I've often wondered what on Earth chocolate eggs had to do with Easter when all poor Jesus got was shredded on the cross, then I learnt that Easter was originally called Oestre, a pagan spring equinox festival wherein the celebrants adored female reproduction and the fecundity of the earth and hoped for the coming harvests to be plentiful. Eggs were a symbol of this fruitfulness and, as anything pagan had to have an animal/sexuality attached, that's where the Easter bunny came in, as in "fuck like rabbits". Chocolate being a known aphrodisiac we thus get chocolate eggs.
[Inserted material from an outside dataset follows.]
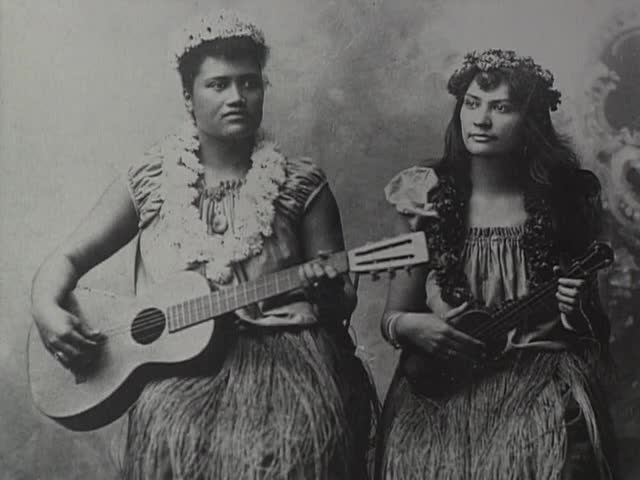 Shots of archival photos; Hawaiians and instruments tape 1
But the egg has to be fertilised to be able to give birth, and the other great need in sacred pagan ritual was the seed-spewing phallus, for without the penis getting erect there is no procreation, there is Nothing, so where was the erect phallus in all this ritual?
It had to be the crucifix, a reworking of the May-pole around which all the pagans ecstatically danced but now seen as an instrument of torture and death by the Christian anti-fun/anti-sex brigade. This idea was expressed in the book, "The Sacred Mushroom and the Holy Cross" which proclaims the origin of all religion was not only in phallic fertility cults but also in the imbibing of hallucinogenic mushrooms, the celebrants going on vision quests while they fucked enthusiastically in the bushes.
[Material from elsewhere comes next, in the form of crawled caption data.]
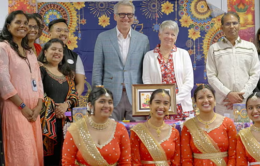 Group of smiling people, some wearing Southeast Asian attire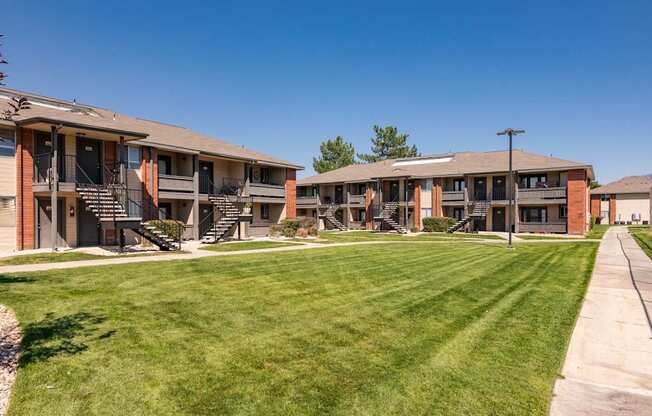 a row of apartments with balconies and a lawn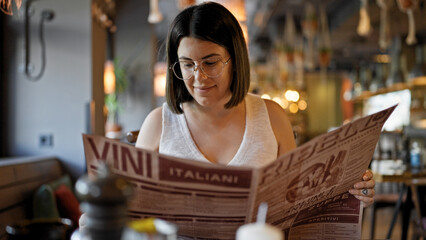 Young beautiful hispanic woman looking at restaurant menu at the restaurant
The crucifix certainly fits the shape of a giant erect phallus, and to think all those masses of moronic, young Catholics carrying the cross out of Rome are really performing an ancient 'passion play', adoring the erect phallus under which they gladly break their backs. And let's face it, the long Easter holiday break gives all those tired workers a chance to fuck like rabbits, and indulge in other ecstatic practices like night-club dancing and aphrodisiac-chocolate munching. I was amused to go to the movies on Good Friday and see the French film, "How Much Do You Love Me?" with Monica Belluci playing the Earth Goddess around which men swarmed and swooned. She disrobed in every frame and hung out those marvelous pendulous breasts, got fucked continuously, slow and fast, all the while ululating in orgasmic frenzy.
The very next movie I saw was "The Passion of the Christ" where Monica plays Mary Magdelene, the ex-whore dressed in black running mealy-mouthed after a much blood-let Jesus, (after all, Oestre is about bloodletting, the earth's menstruation or lack thereof.) No matter how sanctified Mel tried to make Monica/Mary look, I kept seeing those enormous breasts flop out of the demure black robes, and moans of orgasmic rapture issuing from her sensuous mouth whenever she uttered condolences over J.C.'s misery. This type of Blog will get me torn to pieces by the same crazed Catholics in yet more bloodletting, but what can a homo homo sappy sapient do except try to find sense in an irrational, superstitious world? Happy Easter!